Apa yang dilakukan Abdurrahman III cukup berhasil, dominasi Fatimiyah terbendung tidak sampai masuk ke wilayah Semenanjung Iberia, atau Andalusia. Pada tahun 1929, akhirnya Abdurrahman III cukup berani untuk mendeklarasikan dirinya menjadi khalifah juga. Tiba-tiba, dunia Muslim dihadapkan oleh situasi unik di mana mereka memiliki tiga khalifah dalam satu waktu: Abbasiyah di Baghdad, Fatimiyah di al-Qayrawān, dan Umayyah di Cordoba. Dengan peta persaingan seperti ini, simbol khalifah sebagai pemersatu Islam menjadi semakin jauh dari kenyataan.[11]

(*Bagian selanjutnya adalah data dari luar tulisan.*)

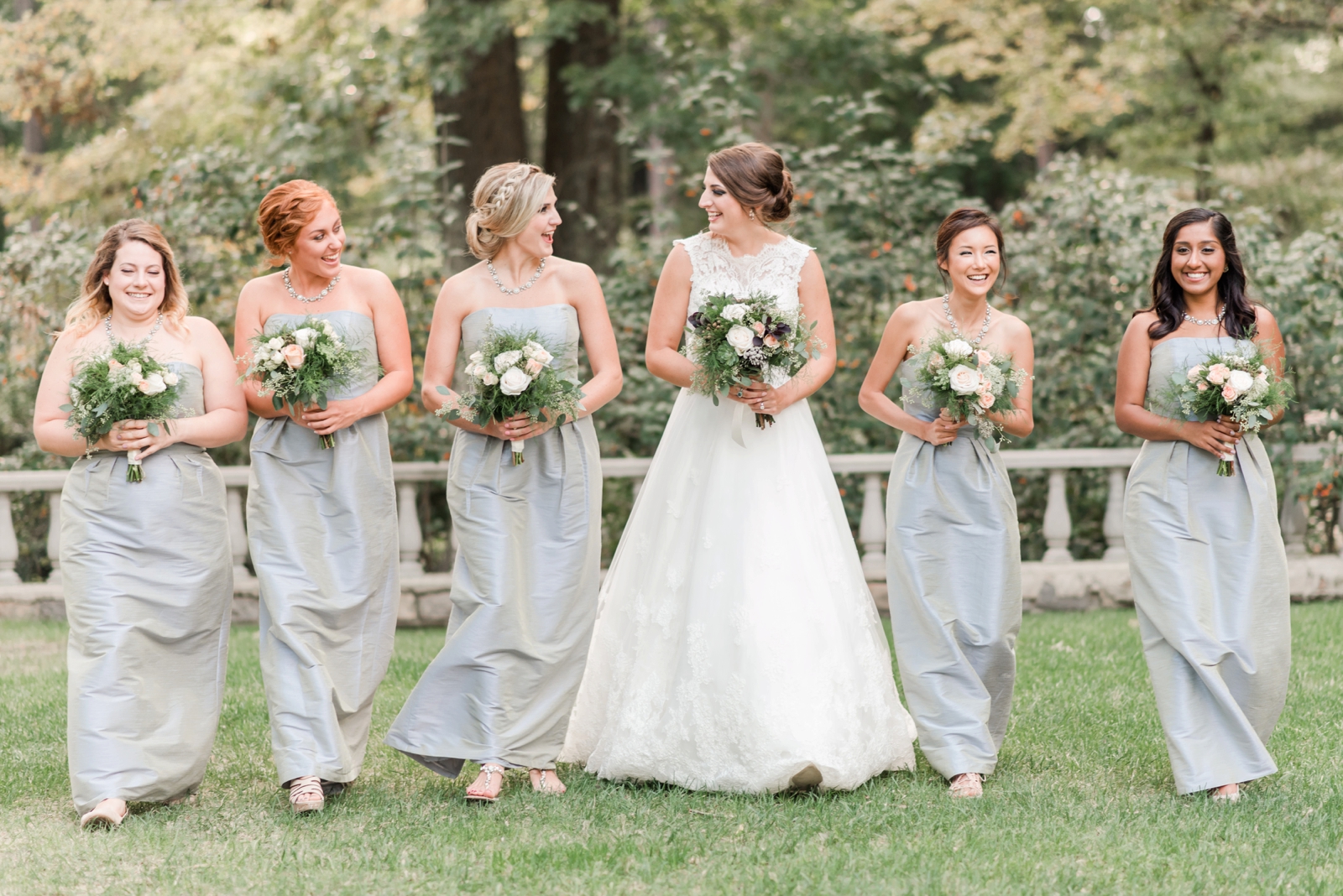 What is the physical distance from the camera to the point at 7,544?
9641 millimetres

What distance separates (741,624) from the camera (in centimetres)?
539

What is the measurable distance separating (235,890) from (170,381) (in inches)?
77.0

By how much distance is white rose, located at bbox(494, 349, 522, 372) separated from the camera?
5.17 m

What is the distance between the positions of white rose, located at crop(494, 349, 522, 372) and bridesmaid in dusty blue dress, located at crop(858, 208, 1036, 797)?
1.70 m

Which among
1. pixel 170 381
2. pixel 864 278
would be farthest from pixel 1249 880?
pixel 864 278

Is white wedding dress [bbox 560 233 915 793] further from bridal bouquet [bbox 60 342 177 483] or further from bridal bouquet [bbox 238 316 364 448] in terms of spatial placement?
bridal bouquet [bbox 60 342 177 483]

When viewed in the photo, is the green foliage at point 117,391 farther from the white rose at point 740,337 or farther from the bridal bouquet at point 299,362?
the white rose at point 740,337

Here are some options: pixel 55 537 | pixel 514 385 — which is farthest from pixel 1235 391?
pixel 55 537

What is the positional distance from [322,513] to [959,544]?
8.70 feet

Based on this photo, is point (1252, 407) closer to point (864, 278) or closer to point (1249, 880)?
point (1249, 880)

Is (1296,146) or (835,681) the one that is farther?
(1296,146)

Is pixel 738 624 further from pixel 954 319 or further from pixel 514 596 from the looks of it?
pixel 954 319

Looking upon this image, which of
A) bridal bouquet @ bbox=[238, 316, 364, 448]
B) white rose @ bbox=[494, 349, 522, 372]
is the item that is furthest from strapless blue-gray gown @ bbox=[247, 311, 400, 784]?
white rose @ bbox=[494, 349, 522, 372]

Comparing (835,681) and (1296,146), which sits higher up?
(1296,146) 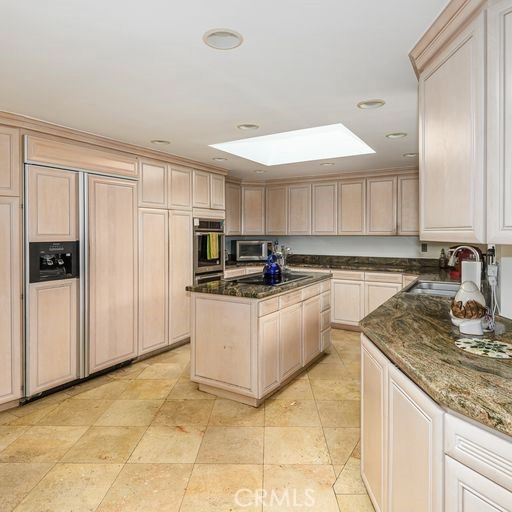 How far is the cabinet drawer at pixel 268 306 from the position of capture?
279cm

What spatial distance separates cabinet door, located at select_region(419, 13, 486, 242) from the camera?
1.41 meters

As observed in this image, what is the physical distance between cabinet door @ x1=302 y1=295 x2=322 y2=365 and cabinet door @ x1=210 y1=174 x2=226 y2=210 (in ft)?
6.41

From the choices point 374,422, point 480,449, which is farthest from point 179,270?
point 480,449

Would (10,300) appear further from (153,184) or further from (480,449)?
(480,449)

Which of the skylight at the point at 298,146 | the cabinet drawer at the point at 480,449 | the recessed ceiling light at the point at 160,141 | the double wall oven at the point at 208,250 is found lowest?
the cabinet drawer at the point at 480,449

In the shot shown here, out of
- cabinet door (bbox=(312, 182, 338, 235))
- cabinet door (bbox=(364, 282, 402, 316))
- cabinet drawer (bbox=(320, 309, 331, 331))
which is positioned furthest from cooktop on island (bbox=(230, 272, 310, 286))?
cabinet door (bbox=(312, 182, 338, 235))

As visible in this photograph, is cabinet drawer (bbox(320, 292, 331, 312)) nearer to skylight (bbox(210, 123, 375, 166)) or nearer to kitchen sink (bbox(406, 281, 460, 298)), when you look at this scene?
kitchen sink (bbox(406, 281, 460, 298))

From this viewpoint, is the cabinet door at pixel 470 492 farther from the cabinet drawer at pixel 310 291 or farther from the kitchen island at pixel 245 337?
the cabinet drawer at pixel 310 291

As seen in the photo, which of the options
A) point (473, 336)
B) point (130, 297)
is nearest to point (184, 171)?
point (130, 297)

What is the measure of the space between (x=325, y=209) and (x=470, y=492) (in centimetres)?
463

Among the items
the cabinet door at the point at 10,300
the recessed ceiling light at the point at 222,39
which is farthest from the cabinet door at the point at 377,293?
the cabinet door at the point at 10,300

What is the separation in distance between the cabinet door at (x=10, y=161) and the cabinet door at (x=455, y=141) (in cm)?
283

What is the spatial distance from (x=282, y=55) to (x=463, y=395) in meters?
1.70

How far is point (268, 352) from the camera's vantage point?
288 centimetres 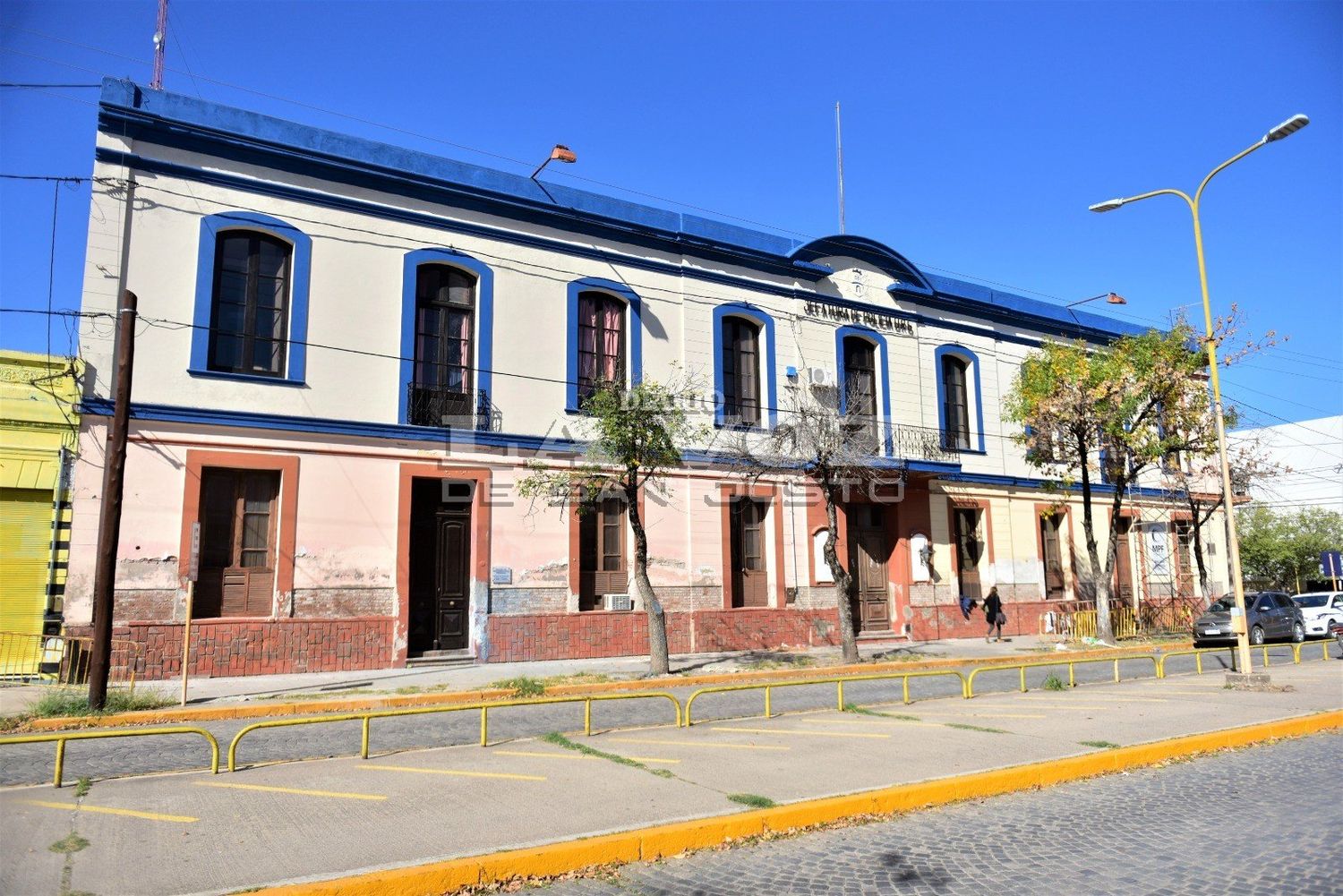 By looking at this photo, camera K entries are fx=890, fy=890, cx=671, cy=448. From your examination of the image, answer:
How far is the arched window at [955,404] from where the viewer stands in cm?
2580

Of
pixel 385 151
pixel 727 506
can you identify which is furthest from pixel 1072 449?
pixel 385 151

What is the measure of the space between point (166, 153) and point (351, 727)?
1099 cm

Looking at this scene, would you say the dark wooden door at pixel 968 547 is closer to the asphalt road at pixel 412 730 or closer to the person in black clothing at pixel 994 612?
the person in black clothing at pixel 994 612

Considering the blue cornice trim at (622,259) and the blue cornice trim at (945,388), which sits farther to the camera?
the blue cornice trim at (945,388)

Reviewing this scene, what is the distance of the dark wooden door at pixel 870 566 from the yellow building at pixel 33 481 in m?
17.2

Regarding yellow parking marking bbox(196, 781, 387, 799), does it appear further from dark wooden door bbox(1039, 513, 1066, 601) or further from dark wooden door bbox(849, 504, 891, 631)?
dark wooden door bbox(1039, 513, 1066, 601)

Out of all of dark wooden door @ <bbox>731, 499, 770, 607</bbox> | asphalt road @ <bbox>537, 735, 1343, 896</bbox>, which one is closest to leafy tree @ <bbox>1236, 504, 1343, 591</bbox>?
dark wooden door @ <bbox>731, 499, 770, 607</bbox>

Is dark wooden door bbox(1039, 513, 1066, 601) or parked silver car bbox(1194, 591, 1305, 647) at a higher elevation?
dark wooden door bbox(1039, 513, 1066, 601)

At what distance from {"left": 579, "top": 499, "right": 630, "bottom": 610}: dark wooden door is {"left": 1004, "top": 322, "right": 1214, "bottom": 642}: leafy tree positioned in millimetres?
11533

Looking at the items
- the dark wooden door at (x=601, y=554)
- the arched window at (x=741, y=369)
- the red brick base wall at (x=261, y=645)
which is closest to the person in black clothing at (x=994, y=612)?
the arched window at (x=741, y=369)

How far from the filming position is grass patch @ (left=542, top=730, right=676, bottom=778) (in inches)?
320

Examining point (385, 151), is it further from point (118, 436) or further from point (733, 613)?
point (733, 613)

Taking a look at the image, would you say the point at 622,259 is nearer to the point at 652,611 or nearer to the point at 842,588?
the point at 652,611

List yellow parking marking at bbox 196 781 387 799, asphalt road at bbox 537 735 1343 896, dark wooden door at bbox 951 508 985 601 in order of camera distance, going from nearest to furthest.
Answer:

Titel baru itu sama sekali tidak memberatkan Abdurrahman III, dia menjadi khalifah selama lebih dari 30 tahun. Periode ini ditandai dengan terciptanya toleransi bagi semua warga Cordoba, dan terus meningkatnya kedatangan para ilmuwan asing dari sekitar Timur Tengah dan Eropa ke Cordoba.[12] (PH)

Bersambung ke:

Cordoba, Pelarian Umayyah (4): Akhir Umayyah dan Peninggalannya yang Berharga

Sebelumnya:

Cordoba, Pelarian Umayyah (2): Menapaki Kejayaan

Catatan Kaki:

[1] Syaikh Shafiyyur-Rahman Al-Mubarakfury, Sirah Nabawiyah, terjemahan ke bahasa Indonesia oleh Kathur Suhardi (Jakarta: Pustaka Al-Kautsar, 2001), hlm 613-614.

[2] Masduki Baidlowi, “Antara khilafah dan khalifah”, dari laman https://beritagar.id/artikel/telatah/antara-khilafah-dan-khalifah, diakses 3 Mei 2018.

[3] Eamon Gearon, Turning Points in Middle Eastern History, (Virginia: The Great Courses, 2016), hlm 97.

[4] Asma Afsaruddin, “Umayyad dynasty”, dari laman https://www.britannica.com/topic/Umayyad-dynasty-Islamic-history, diakses 11 Mei 2018.

[5] Eamon Gearon, Ibid.

[6] Tarif Khalidi, “ʿAbd al-Raḥmān III”, dari laman https://www.britannica.com/biography/Abd-al-Rahman-III, diakses 16 Mei 2018.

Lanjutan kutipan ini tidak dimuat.